Voicing concerns over future of Viking Video program
Board must protect history
To the editor:
The video program taught in the Technology Center at Caribou High School for the last 15 years has been discontinued. I’ve had the pleasure of advising this program for many of those years along with other local media professionals.
Over the years this video program, under the name Viking Video, has generated noteworthy documentaries of historic value. Video footage of German prisoners of war, for instance, is extremely rare and precious. Many of these documentaries have enjoyed wide play on Maine Public Television and have garnered awards and esteem from historical institutions. It would be a great loss to the state of Maine and Aroostook County if these video projects were destroyed due to neglect and disregard for their long-term stability. When this classroom is finally dismantled and equipment and materials are set aside, I suggest that all the video projects and related materials be sent to Northeast Historic Film in Bucksport for archiving and preservation.

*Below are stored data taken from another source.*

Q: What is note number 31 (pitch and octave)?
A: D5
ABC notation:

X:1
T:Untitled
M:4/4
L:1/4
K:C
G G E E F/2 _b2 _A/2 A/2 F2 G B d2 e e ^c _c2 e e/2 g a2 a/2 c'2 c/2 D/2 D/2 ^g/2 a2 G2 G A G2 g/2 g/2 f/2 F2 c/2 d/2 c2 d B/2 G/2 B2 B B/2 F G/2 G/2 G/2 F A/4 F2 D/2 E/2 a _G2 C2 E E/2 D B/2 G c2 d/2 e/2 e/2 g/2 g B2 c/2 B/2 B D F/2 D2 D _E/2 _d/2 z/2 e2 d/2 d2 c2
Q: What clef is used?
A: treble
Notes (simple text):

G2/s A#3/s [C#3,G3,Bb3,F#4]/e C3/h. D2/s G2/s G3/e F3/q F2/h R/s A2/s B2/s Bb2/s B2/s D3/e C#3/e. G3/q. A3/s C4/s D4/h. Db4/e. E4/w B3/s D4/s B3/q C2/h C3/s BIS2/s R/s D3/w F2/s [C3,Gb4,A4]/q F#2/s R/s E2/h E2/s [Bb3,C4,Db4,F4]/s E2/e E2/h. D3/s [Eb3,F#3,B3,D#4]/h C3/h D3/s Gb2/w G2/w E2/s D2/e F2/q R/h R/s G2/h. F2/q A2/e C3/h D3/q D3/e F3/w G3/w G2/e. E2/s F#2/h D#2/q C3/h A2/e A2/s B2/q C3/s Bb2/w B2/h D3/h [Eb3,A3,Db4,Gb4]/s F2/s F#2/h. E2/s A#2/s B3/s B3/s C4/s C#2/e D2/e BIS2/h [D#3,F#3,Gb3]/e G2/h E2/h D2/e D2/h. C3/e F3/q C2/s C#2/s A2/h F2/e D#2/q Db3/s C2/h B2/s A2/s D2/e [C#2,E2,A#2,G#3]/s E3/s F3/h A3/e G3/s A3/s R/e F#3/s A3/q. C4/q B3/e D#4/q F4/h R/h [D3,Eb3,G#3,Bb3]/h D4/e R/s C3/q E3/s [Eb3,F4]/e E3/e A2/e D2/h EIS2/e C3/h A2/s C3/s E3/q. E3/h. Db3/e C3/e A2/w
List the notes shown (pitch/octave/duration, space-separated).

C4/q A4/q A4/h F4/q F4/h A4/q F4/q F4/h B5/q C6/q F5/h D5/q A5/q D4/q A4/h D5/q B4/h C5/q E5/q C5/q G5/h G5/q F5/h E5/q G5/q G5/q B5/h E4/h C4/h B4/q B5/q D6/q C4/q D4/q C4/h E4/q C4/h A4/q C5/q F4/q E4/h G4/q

I know that it is difficult to see the need to take such steps. It seems a simple matter to stash video tapes in a closet somewhere or in a library for safe keeping however it is not that simple. Videotape, like film, needs proper archiving and preservation or it will be lost. Magnetic medium like video can be corroded by humidity, corrupted by stray magnetic/electrical activity or scratched by dust contamination. Even if the video is sealed air-tight and isn’t physically touched for years it can still fade away simply because it is magnetic.

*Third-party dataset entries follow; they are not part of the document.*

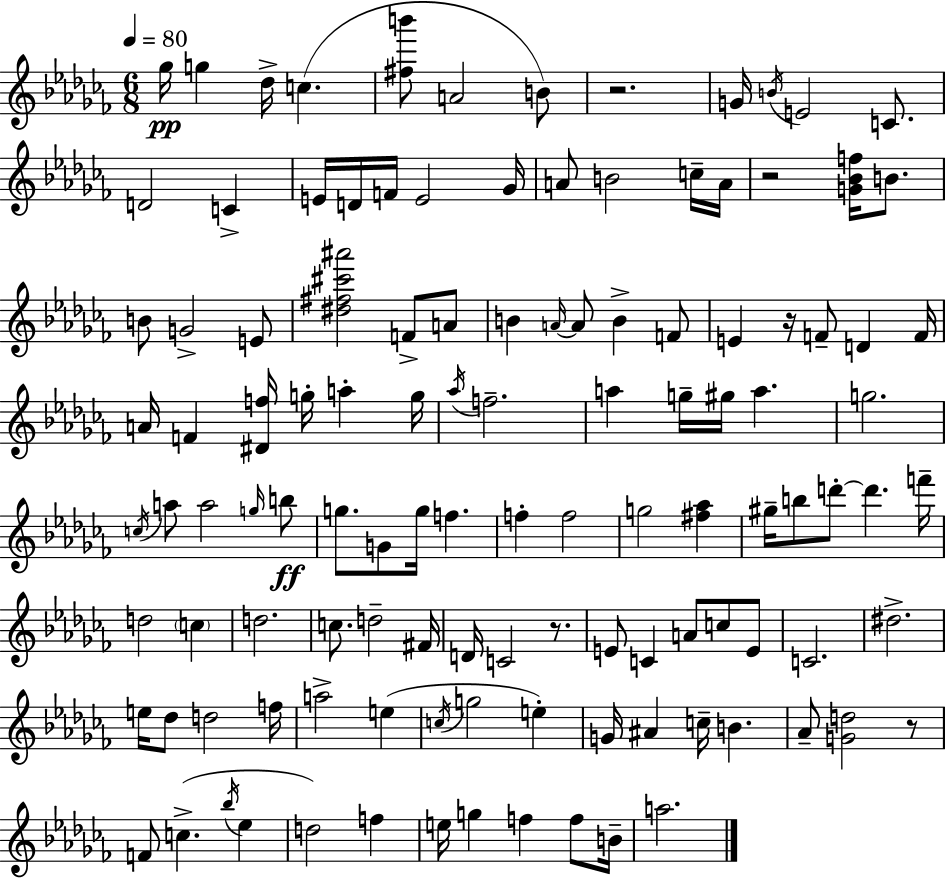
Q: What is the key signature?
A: AES minor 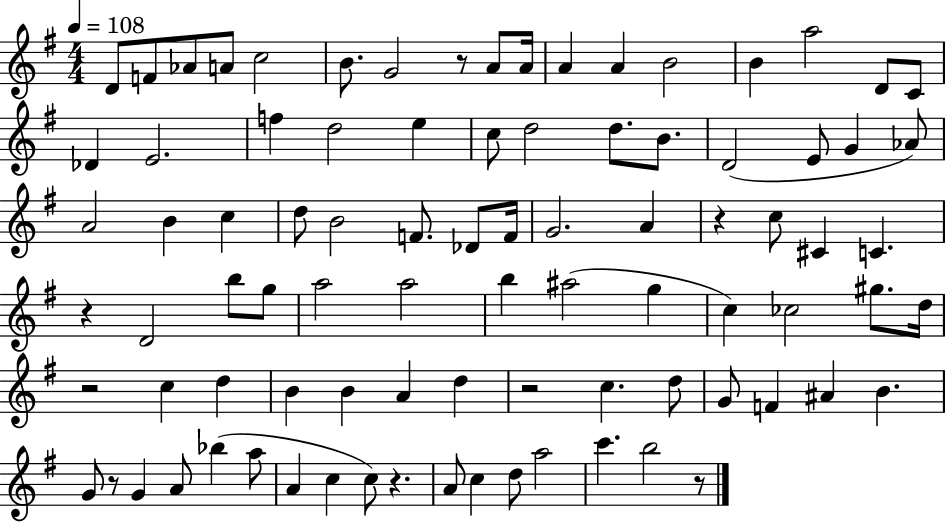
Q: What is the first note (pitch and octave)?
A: D4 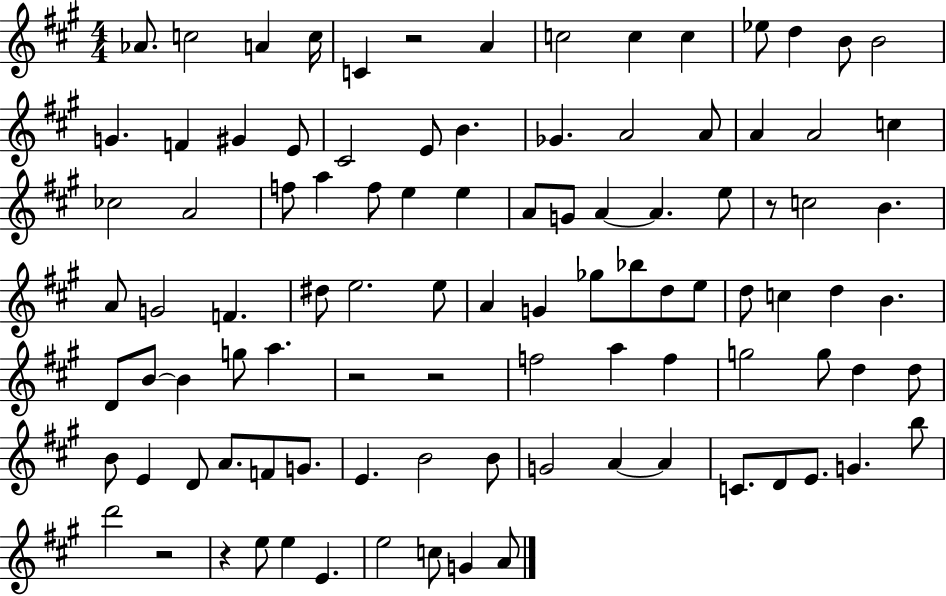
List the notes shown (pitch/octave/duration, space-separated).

Ab4/e. C5/h A4/q C5/s C4/q R/h A4/q C5/h C5/q C5/q Eb5/e D5/q B4/e B4/h G4/q. F4/q G#4/q E4/e C#4/h E4/e B4/q. Gb4/q. A4/h A4/e A4/q A4/h C5/q CES5/h A4/h F5/e A5/q F5/e E5/q E5/q A4/e G4/e A4/q A4/q. E5/e R/e C5/h B4/q. A4/e G4/h F4/q. D#5/e E5/h. E5/e A4/q G4/q Gb5/e Bb5/e D5/e E5/e D5/e C5/q D5/q B4/q. D4/e B4/e B4/q G5/e A5/q. R/h R/h F5/h A5/q F5/q G5/h G5/e D5/q D5/e B4/e E4/q D4/e A4/e. F4/e G4/e. E4/q. B4/h B4/e G4/h A4/q A4/q C4/e. D4/e E4/e. G4/q. B5/e D6/h R/h R/q E5/e E5/q E4/q. E5/h C5/e G4/q A4/e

Beyond this video standards change. What media we used to play in one type of machine dies when that machine standard becomes obsolete. Preservation societies like Northeast Historic Film will not only physically store the videos in climate controlled areas they will continue to transfer the images to modern media standards as new media standards become available. Although the school could transfer this media to another format like DVD that too is subject to decay and changes in prevailing media standards and technology.
In the end this time consuming work should be done by dedicated professionals for the long-term. The results are many fold. For one the school system retains the right to earn proceeds from selling copies plus gains a percentage of sales from Northeast Historical Film’s efforts in that regard. Most importantly these historic videos remain available, not only to the students that created the work, but to generations of Mainers and people across the nation in years and decades to come. A simple authorization secures these works with no more investment in resources or time.
I urge the School Department, the School Board and county citizens to insist that we save these pieces of history before neglect and indifference destroys them.